Breezeway House

Surf vibes abound with the brilliant looking Breezeway House from David Boyle Architect. Located in MacMasters Beach in Australia, this spectacular piece of modern architecture has 231m² of functional living space and boasts many design flourishes that help to set it apart from the competition. With this majestic looking home, refuge and prospect can be seen in the garden between the pine trees and the figs. It delivers a joyous and engaging destination for escapes by the beach, where shelter, shade and connection to the landscape are the name of the game.

The expertly designed home is one of the most eye-catching we’ve seen in a while and Breezeway House is positioned on a complicated subdivided block with trapezoidal boundaries, cross easements and significant cross-fall. The linear building form is stretched across the southern boundary and allows for a series of gardens to buffer neighbouring buildings as well as reduce the visibility of the house from the street.

Quality Materials Throughout

The materials used in Breezeway House are natural and durable, where the hand and craft of the maker is clear to see throughout the structure and detailing of the home. Consideration has been given to the experience of a beach house and has informed a poetic response to place making throughout the site.
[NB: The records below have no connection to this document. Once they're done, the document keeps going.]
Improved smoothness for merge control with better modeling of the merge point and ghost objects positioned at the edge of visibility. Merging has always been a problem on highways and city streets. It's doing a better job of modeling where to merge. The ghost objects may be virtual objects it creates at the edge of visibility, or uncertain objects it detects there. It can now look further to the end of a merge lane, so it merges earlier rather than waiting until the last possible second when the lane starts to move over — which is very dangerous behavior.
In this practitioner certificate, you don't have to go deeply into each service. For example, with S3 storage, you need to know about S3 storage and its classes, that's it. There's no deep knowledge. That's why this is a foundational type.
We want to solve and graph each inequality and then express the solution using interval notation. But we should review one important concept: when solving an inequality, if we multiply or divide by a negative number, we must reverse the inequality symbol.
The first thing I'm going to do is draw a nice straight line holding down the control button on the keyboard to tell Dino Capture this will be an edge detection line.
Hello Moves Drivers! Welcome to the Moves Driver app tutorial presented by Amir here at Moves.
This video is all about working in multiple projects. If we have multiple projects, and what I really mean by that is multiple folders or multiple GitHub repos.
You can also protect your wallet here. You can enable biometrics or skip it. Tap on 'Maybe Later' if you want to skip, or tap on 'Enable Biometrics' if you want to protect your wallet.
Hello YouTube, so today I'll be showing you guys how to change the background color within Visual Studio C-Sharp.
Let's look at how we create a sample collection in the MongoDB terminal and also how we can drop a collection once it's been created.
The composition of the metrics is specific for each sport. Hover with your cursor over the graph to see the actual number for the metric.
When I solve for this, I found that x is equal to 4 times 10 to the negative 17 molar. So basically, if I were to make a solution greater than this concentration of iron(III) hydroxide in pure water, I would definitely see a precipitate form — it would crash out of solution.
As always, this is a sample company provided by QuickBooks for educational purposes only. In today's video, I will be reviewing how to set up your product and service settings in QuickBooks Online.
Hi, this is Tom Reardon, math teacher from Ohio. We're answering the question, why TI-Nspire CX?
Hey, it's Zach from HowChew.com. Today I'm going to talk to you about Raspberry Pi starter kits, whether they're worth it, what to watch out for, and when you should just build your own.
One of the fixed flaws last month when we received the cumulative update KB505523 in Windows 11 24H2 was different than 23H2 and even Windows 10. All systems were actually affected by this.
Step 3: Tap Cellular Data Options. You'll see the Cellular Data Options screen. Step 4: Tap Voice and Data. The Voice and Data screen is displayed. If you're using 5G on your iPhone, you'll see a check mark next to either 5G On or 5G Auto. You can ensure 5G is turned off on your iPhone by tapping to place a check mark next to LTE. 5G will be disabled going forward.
The rhythm of the structural grid delivers an impressive and pleasing logic to the spatial arrangement, along with an innovative twist in the upper level roof form which echoes the Headlands at either end of MacMasters Beach.

Steel posts can be found suspended from concrete slabs and are concealed, braced by infill brickwork, and clad externally and internally within the breezeway with striking, charred tongue and groove timber. On the inside of Breezeway House from David Boyle Architect, you’ll find a timber-lined breezeway that spans the full length of the property. It delivers a versatile, flexible space for the movement of air, people, and light.

This carefully crafted timber spine of Breezeway House warmly welcomes occupants and ensures there is easy access to dynamic bedroom spaces that can open to each other as well as to a series of semi-enclosed garden rooms. Surface sliding doors, high level sliding panels and louvres are included to add to a spatial ambiguity between being interiors and exteriors of the home, which is reflected in its materiality. The breezeway continues through to a balcony amongst the canopy of the fig trees and is supported above the ground by an imposing, self-bracing bent steel post.

Impressive Interiors

The openings of Breezeway House are carefully positioned to screen existing and any future neighbours, capture breezes and frame the amazing views of the headland. Two master bedrooms, twin interconnected bunk rooms allow for the flexibility of one, two or three family groups to simultaneously enjoy the space of the house.

There is a multi-purpose playroom, plenty of seating areas, storage spaces and numerous outdoor spaces deliver plenty of chances for relaxing retreat as well as for gathering with friends. Preference was given to materials that are natural, sustainable, robust and playful, which emphasises moments of craft, patterns and texture to be discovered over time.